Task prompt → Each entry below should be written out exactly as it is, with no pictures.

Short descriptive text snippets
• • • •

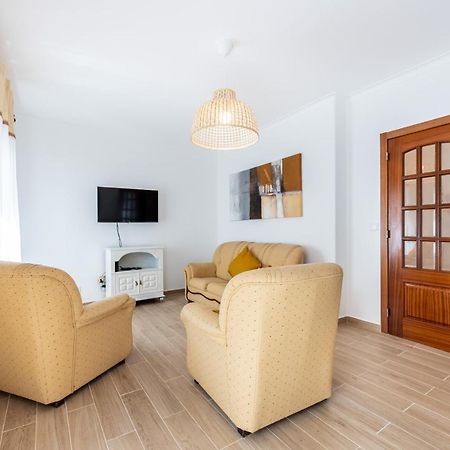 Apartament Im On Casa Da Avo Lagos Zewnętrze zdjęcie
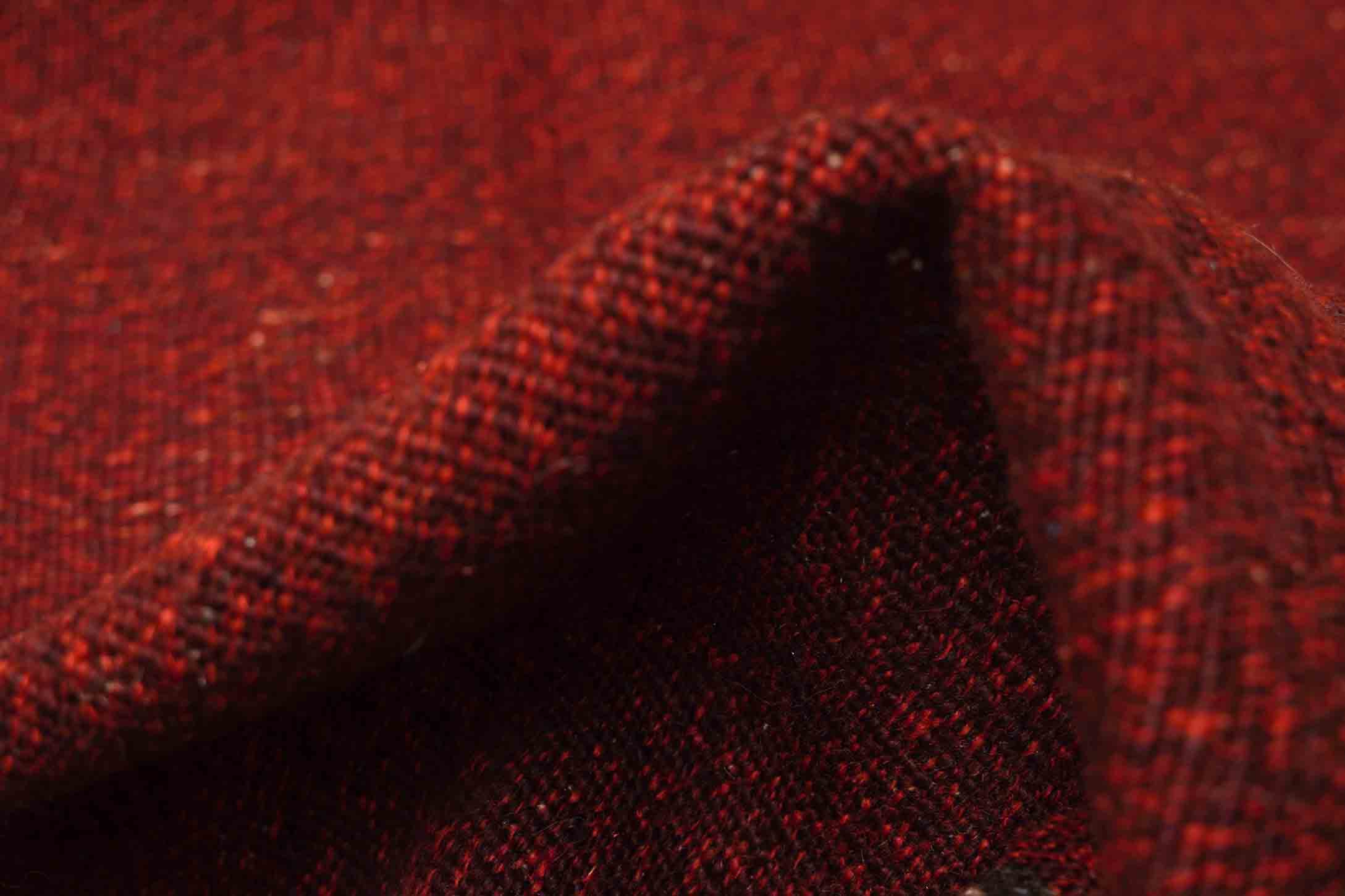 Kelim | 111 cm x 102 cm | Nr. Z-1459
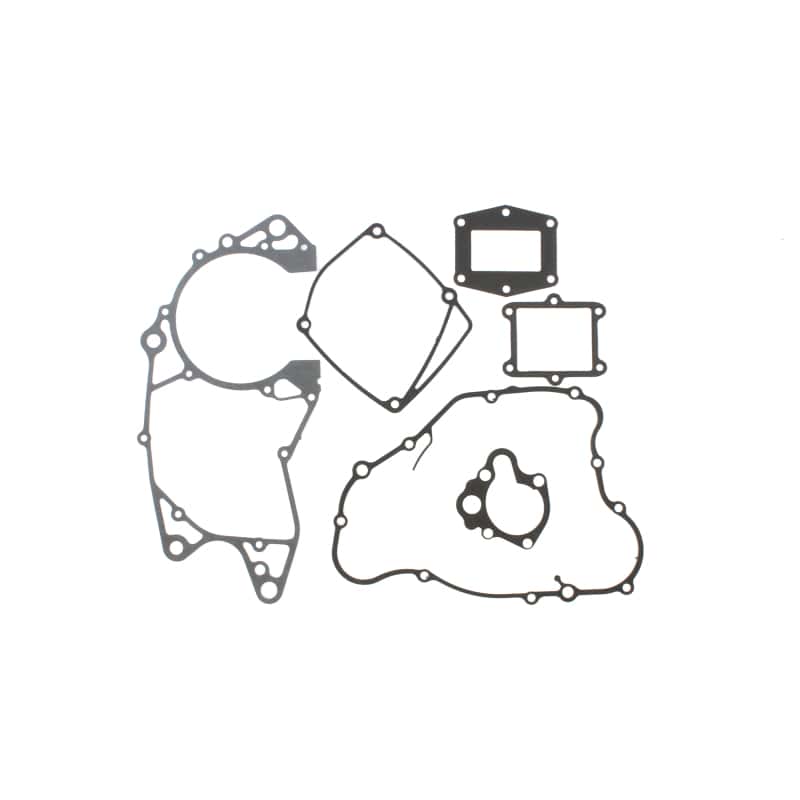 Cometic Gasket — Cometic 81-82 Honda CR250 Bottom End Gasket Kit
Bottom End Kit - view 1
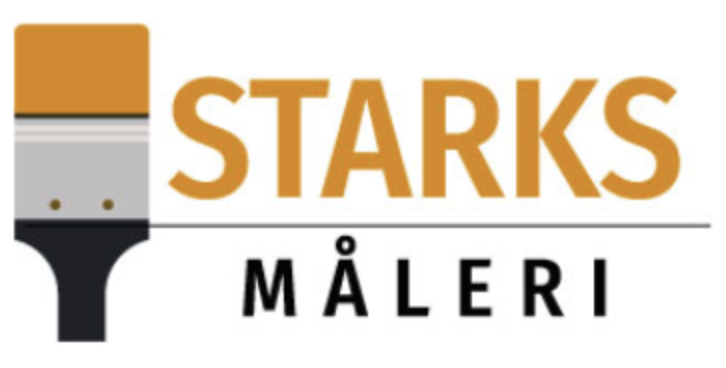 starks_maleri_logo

• • • •

Answer below →
 Apartament Im On Casa Da Avo Lagos Zewnętrze zdjęcie
 Kelim | 111 cm x 102 cm | Nr. Z-1459
 Cometic Gasket — Cometic 81-82 Honda CR250 Bottom End Gasket Kit
Bottom End Kit - view 1
 starks_maleri_logo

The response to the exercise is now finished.